Miscellany: Stuck in the Bluebook past

I'm writing my seminar paper for Advanced Patent Law, and that means citing sources - dozens of them, all using the Bluebook. The Bluebook is a system of legal citation promulgated by the law reviews of Harvard, Yale, Columbia, and Pennsylvania. It's the most widely used format, adopted almost verbatim by many jurisdictions.

What irks me about the Bluebook is its relative intransigence toward the inclusion of digital media. Other citation systems accept websites and web-published content without too much gruff (the MLA Style Manual, for instance), but the Bluebook's nagging insistence upon traditional print sources seems outdated in today's day and age. There's even a convoluted system for parallel citation of printed material, just in case you find out that the info you found in a web search is in dead tree form somewhere, anywhere.

The whole thing is premised on the notion that you can't believe what you read on the Web.

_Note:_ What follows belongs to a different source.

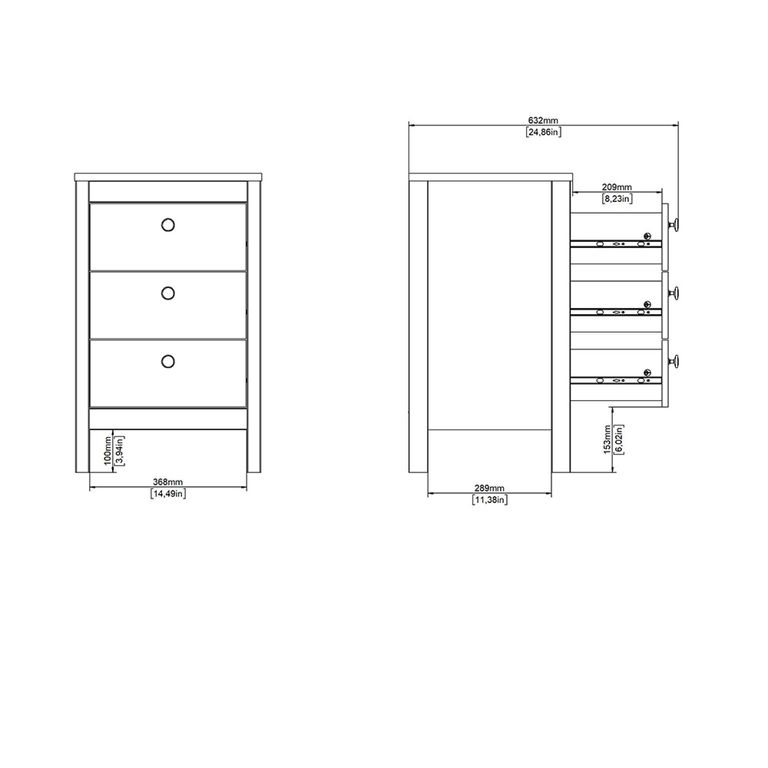 Madrid Bedside Table - 3 Drawer - Jackson Hickory Oak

To be fair, there's a lot of stuff you CAN'T believe (visit any webforum, whatever the topic, for example). You probably shouldn't cite Shangrila Towers for anything serious.

But there is also a lot of great information available on the web. How about citing a podcast created by a professional astronomer? Or a web magazine that counts actual game developers as contributors? Is there anything that makes the New York Times more accurate than a famous blogger?